BEGIN Data provided
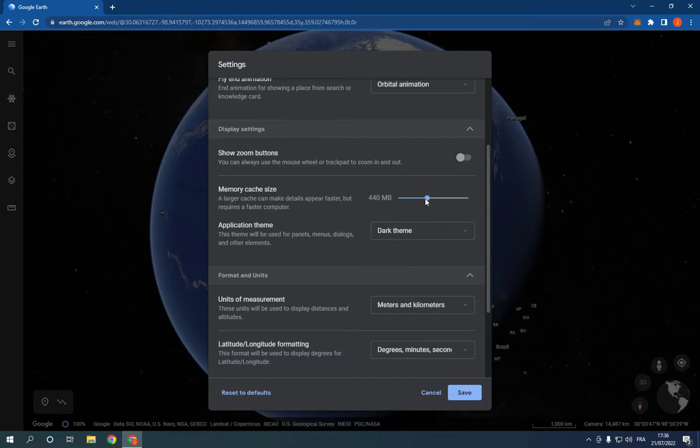Now all you have to do is simple: just click Save and everything is going to be done.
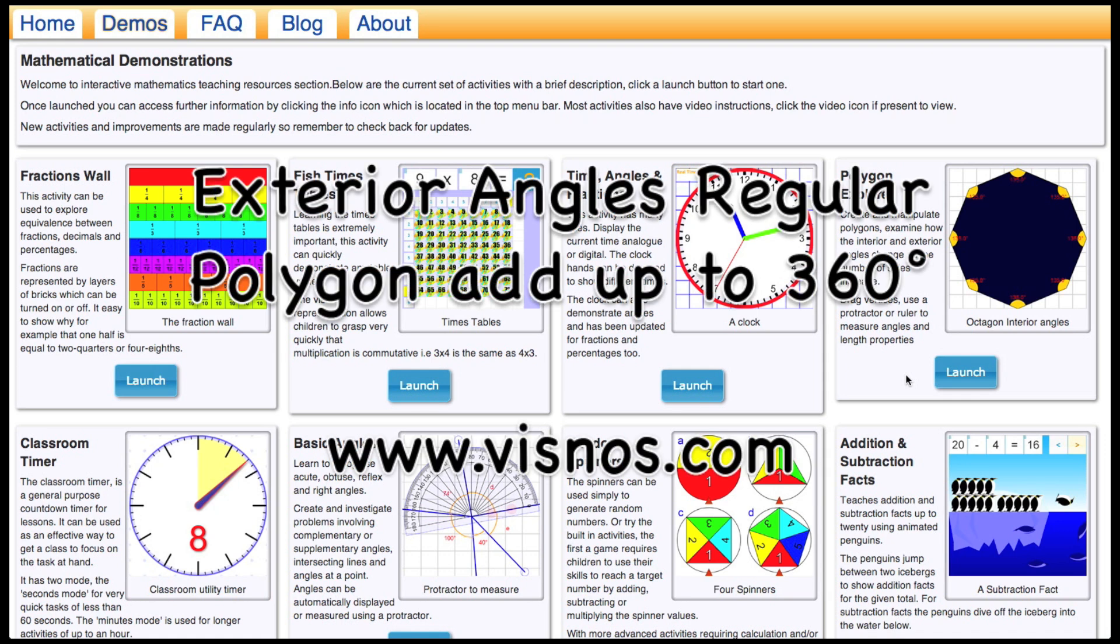Okay, in this video I'm going to show you very quickly how to demonstrate that the exterior angles in a regular polygon add up to 360 degrees.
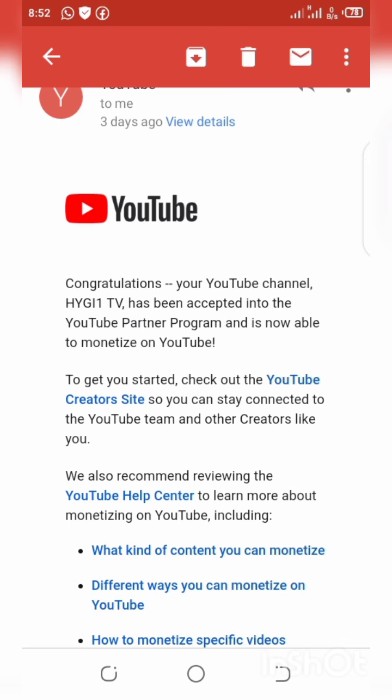After that, if YouTube is done reviewing your account and it meets their standards, you should expect a congratulations message confirming your YouTube monetization. Thank you, and please subscribe to my channel.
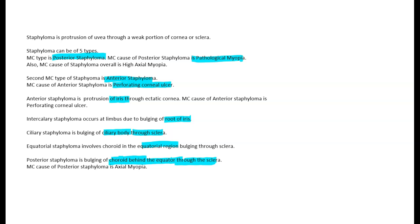I hope this video helped you revise the topic quickly. If it did, please hit the like button and subscribe to the channel. We post ophthalmology videos at least two or three times a week. See you in the next one. Thank you. Bye.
END Data provided
### Task to complete:
Would you give the data above again word for word, minus the pictures?

### Exercise solution:
Now all you have to do is simple: just click Save and everything is going to be done.
Okay, in this video I'm going to show you very quickly how to demonstrate that the exterior angles in a regular polygon add up to 360 degrees.
After that, if YouTube is done reviewing your account and it meets their standards, you should expect a congratulations message confirming your YouTube monetization. Thank you, and please subscribe to my channel.
I hope this video helped you revise the topic quickly. If it did, please hit the like button and subscribe to the channel. We post ophthalmology videos at least two or three times a week. See you in the next one. Thank you. Bye.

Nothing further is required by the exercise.